Dealers nationwide are already required to report bulk sales of handguns, and the A.T.F. applied to impose such a regulation late last year to help detect bulk “straw buyers” — people who say they are buying weapons for themselves but then transfer them to criminals.
In a statement, the deputy attorney general, James Cole, said the regulation was justified by the need to help the A.T.F. “detect and disrupt the illegal weapons trafficking networks responsible for diverting firearms from lawful commerce to criminals” and in particular to “help confront the problem of illegal gun trafficking into Mexico.”

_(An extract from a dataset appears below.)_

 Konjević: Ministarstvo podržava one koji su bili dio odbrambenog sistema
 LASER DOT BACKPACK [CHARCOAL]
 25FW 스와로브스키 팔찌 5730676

“The international expansion and increased violence of transnational criminal networks pose a significant threat to the United States,” Mr. Cole said, adding that rifles covered by the new regulation “are highly sought after by dangerous drug-trafficking organizations and frequently recovered at violent crime scenes near the Southwest border.”
The proposal has been hotly contested by gun-control advocates, and Wayne LaPierre, the executive vice president for the National Rifle Association, said his organization was preparing to sue the government once it tried to begin enforcing the regulation.
Mr. LaPierre contended that it should take an act of Congress to impose such a requirement, not a regulation developed by the executive branch alone. He noted that the similar rule requiring dealers to report multiple handgun sales was part of the Gun Control Act of 1968.
“We view it as a blatant attempt by the Obama administration to pursue their gun-control agenda through backdoor rule making, and the N.R.A. will fight them every step of the way,” he said. “There are three branches of government and separation of powers, and we believe they do not have the authority to do this.”
An A.T.F. spokesman cited a federal statute governing the licensing of firearms dealers as the source of the agency’s legal authority to enact a regulation allowing it to collect the information about bulk sales of semiautomatic rifles.
The A.T.F. unveiled its proposal for the new rule in December, and originally sought permission to impose it more quickly under emergency procedures. But in February, the White House’s Office of Management and Budget rejected that request, saying that gunrunning to Mexico was a continuing problem — not the kind of fast-moving situation that justifies making an exception to the normal process for reviewing new regulations.
The approval for the regulation comes at a time when the A.T.F.’s efforts to combat straw purchasing and gunrunning along the border is under intense Congressional scrutiny because of a botched investigation called Operation Fast and Furious.
In that operation, federal agents, wanting to trace the flow of guns from straw buyers to drug cartels, monitored the purchase of several thousand guns but did not intervene before some were smuggled into Mexico. The bureau then lost track of many of them, and two later turned up at the scene of a shootout in Arizona where an American Border Patrol agent was killed.